▶ Input material:
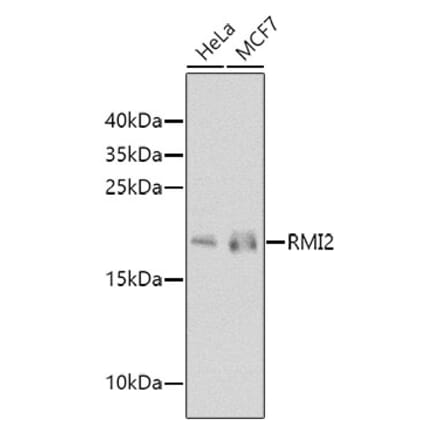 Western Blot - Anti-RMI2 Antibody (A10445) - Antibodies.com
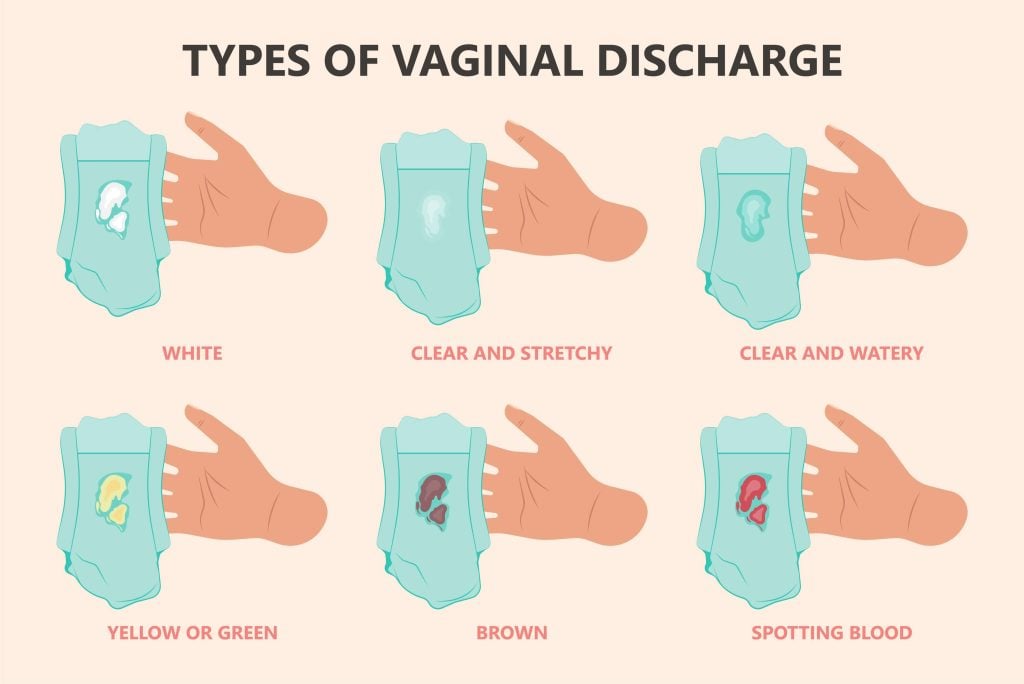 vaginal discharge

---

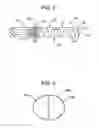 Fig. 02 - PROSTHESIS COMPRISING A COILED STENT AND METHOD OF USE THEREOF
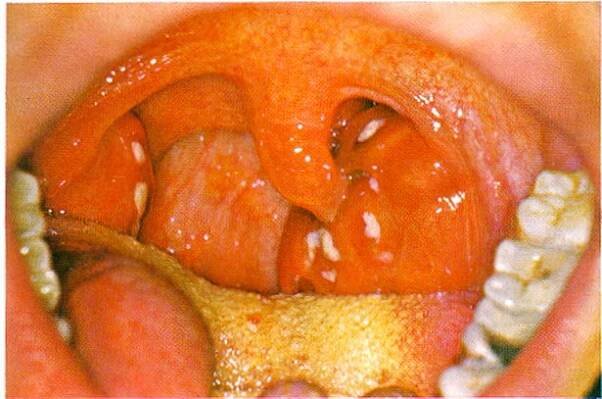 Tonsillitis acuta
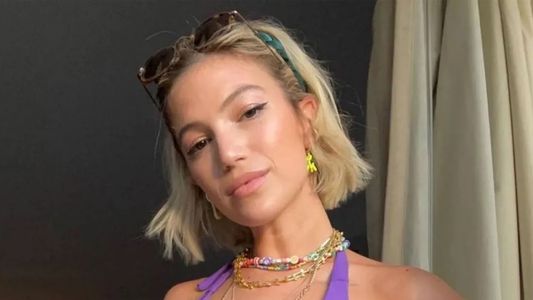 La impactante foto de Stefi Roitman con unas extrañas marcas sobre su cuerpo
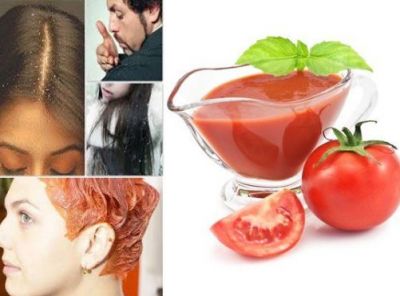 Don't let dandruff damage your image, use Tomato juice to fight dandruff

▶ Aim of the exercise: Transcribe only the lines above that start at the line containing "Fig. 02 - PROSTHESIS" and end at the line containing "Don't let dandruff". Omit pictures.

▶ Response to this exercise:
 Fig. 02 - PROSTHESIS COMPRISING A COILED STENT AND METHOD OF USE THEREOF
 Tonsillitis acuta
 La impactante foto de Stefi Roitman con unas extrañas marcas sobre su cuerpo
 Don't let dandruff damage your image, use Tomato juice to fight dandruff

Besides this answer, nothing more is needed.